吉田 孝
日本の律令国家は、中国から継受した律令制と、氏族制との二重の構造からなっていたので、律令制の成立と解体という視角だけでは、歴史の表層しか捉えられない。律令制が解体し始めるとされる天平時代は、律令国家の支配体制が氏族制的な社会に浸透してゆく時期であり、律令制と社会との交渉のなかから、平安前期に、日本的な国制・文化の原型が生まれてくるのではないか、という構想を私は懐いているが、残された問題が多い。この名誉ある受賞を、その課題への出発点としたい。
『律令国家と古代の社会』平野邦雄
久方ぶりに古代史の、そのもっともオーソドックスな分野について、わたしたちは本格的な論考を得ることができた。本書の扱う範囲は、八世紀を中心とする律令国家の公地・公民制、つまり編戸・班田・力役などについての法制から、家(宅)・氏族・集落、さらに交易という社会・経済の態様にまでおよんでいるが、法制を、たえずその成員基盤である社会・経済から問い直すというひろい視野に立っために、それらの有機性・一貫性が保たれているのである。

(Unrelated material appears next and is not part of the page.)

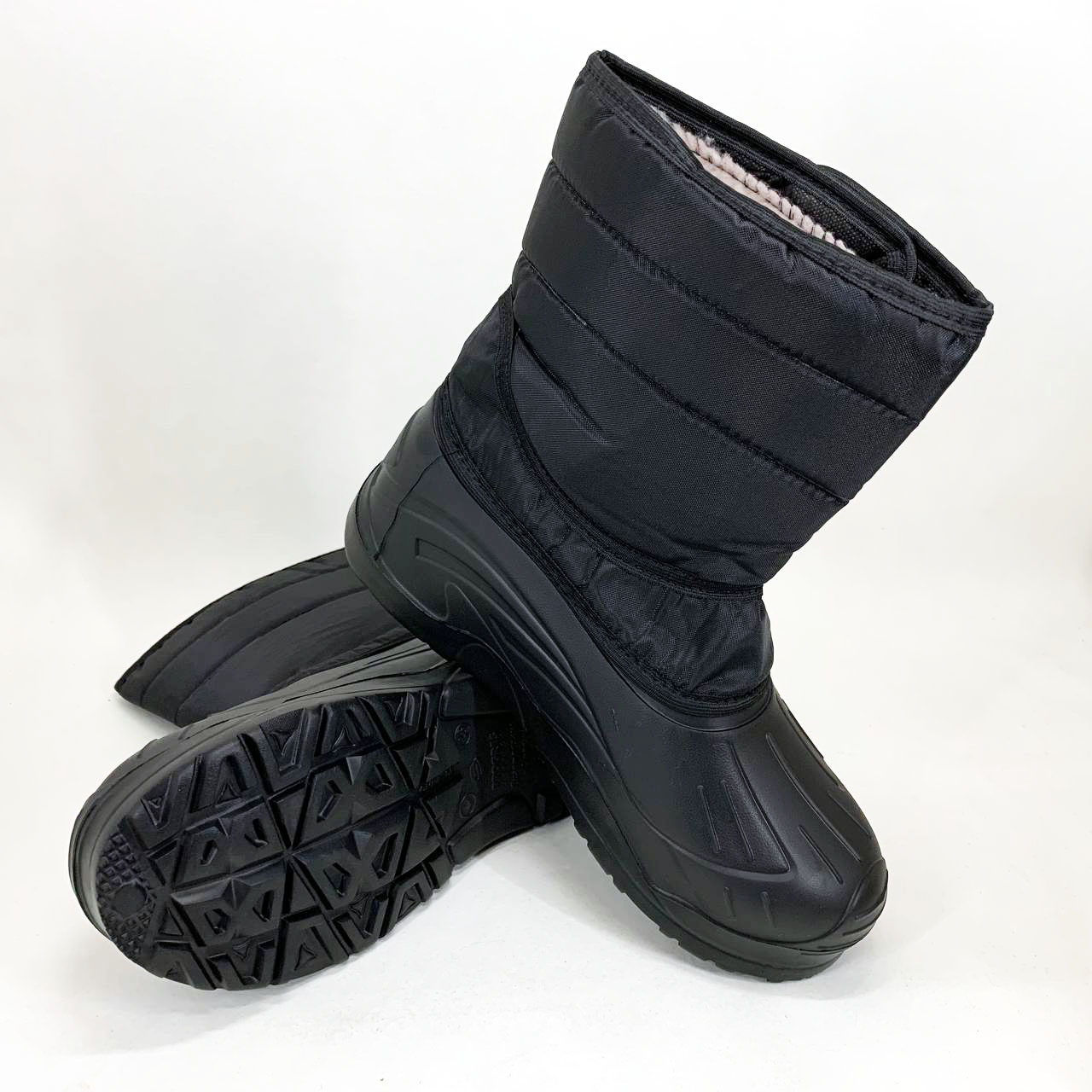 Сапоги мужские утепленные черные 41р 27см Резиновые стеганые сапоги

その手法は、日・唐をふくむアジアの視点から、律令をその法案だけでなく、立法の論理にまでさかのぽって相互に比較し、背後にある社会構造のちがいを正確にほりおこしていく。それとともに、わが国の社会の実態について、基底にあるイへ(ヤケ)・ウヂ・ムラや、在地における交易の機能を、きわめて歴史的・実証的な方法で一つ一つ解きほぐしていくのである。

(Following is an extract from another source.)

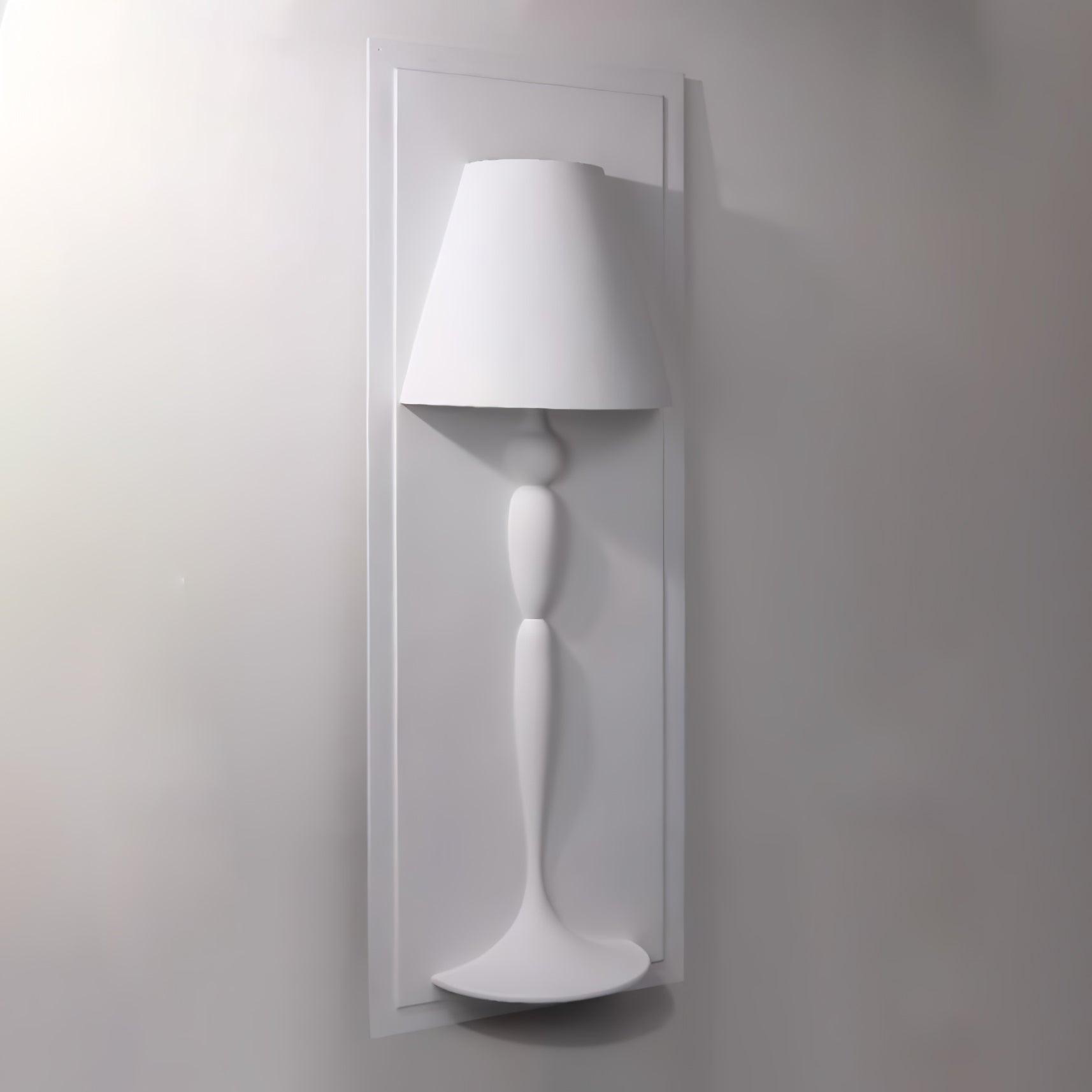 Plaster Portrait Nordic Inspired Wall Light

このようにして、法と社会の接点が見事に浮び上り、歴史家としての透徹した展望がひらかれている。これは長年にわたる研究なくして生まれうる成果ではないが、また長年の研究だけで生まれる性質のものでもない。そこには歴史的事実の分析におけるなみなみならぬ氏の力量を感ずることができる。
吉田氏はこのような成果をさらに大成されることであろう。